*DATA TO USE*.
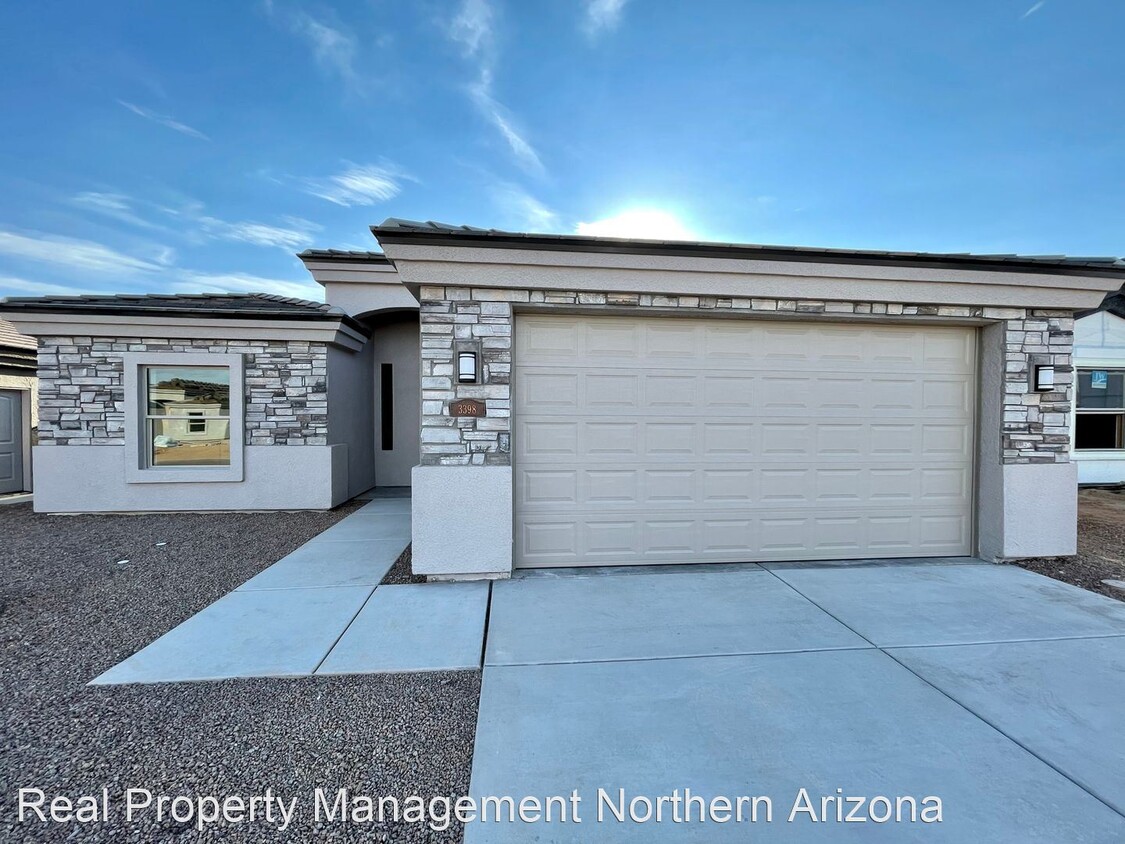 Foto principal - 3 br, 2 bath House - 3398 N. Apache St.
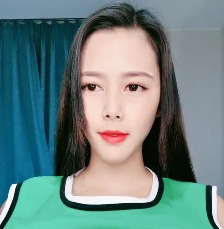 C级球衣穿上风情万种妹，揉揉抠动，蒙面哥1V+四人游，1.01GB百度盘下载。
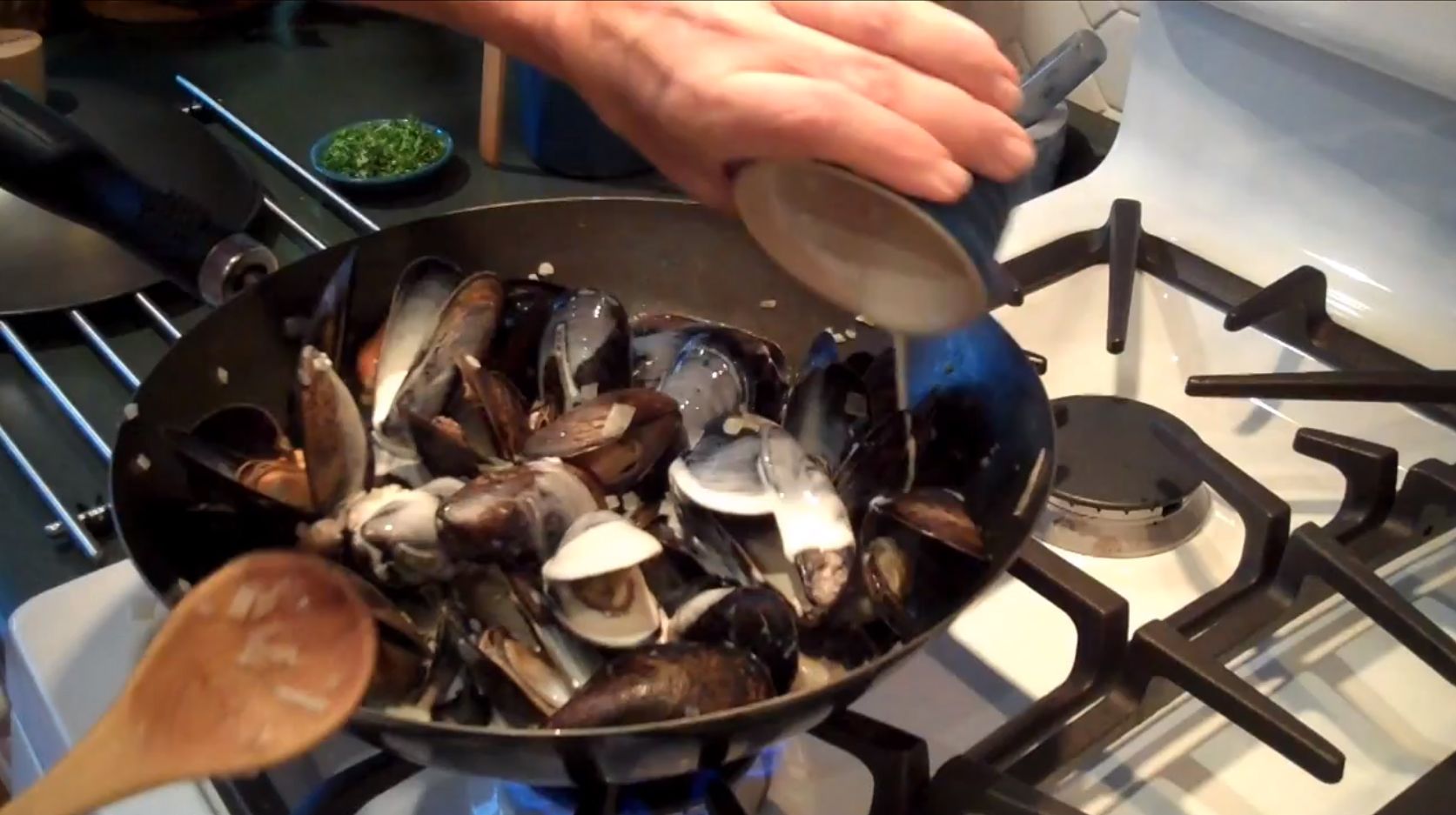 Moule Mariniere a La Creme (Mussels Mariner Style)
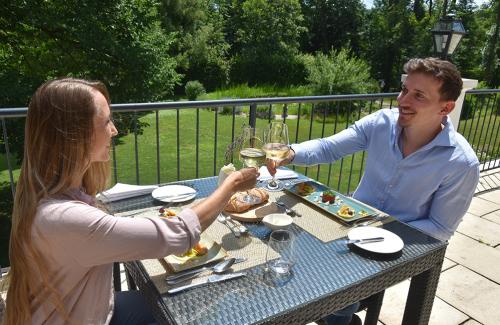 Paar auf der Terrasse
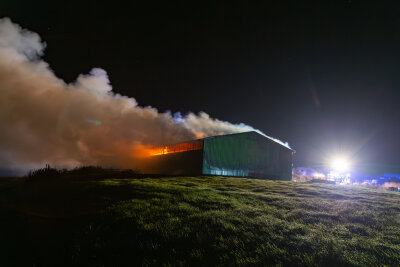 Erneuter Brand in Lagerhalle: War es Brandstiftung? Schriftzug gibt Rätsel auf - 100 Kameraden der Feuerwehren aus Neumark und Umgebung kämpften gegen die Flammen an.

==

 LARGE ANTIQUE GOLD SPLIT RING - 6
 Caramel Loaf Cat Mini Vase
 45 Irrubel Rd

*WORK TASK*. A word-for-word reproduction is needed of the lines above from the line containing "Moule Mariniere a" through the line containing "Erneuter Brand in", with both ends kept and no pictures.

*OUTPUT FOR THIS EXERCISE*.
 Moule Mariniere a La Creme (Mussels Mariner Style)
 Paar auf der Terrasse
 Erneuter Brand in Lagerhalle: War es Brandstiftung? Schriftzug gibt Rätsel auf - 100 Kameraden der Feuerwehren aus Neumark und Umgebung kämpften gegen die Flammen an.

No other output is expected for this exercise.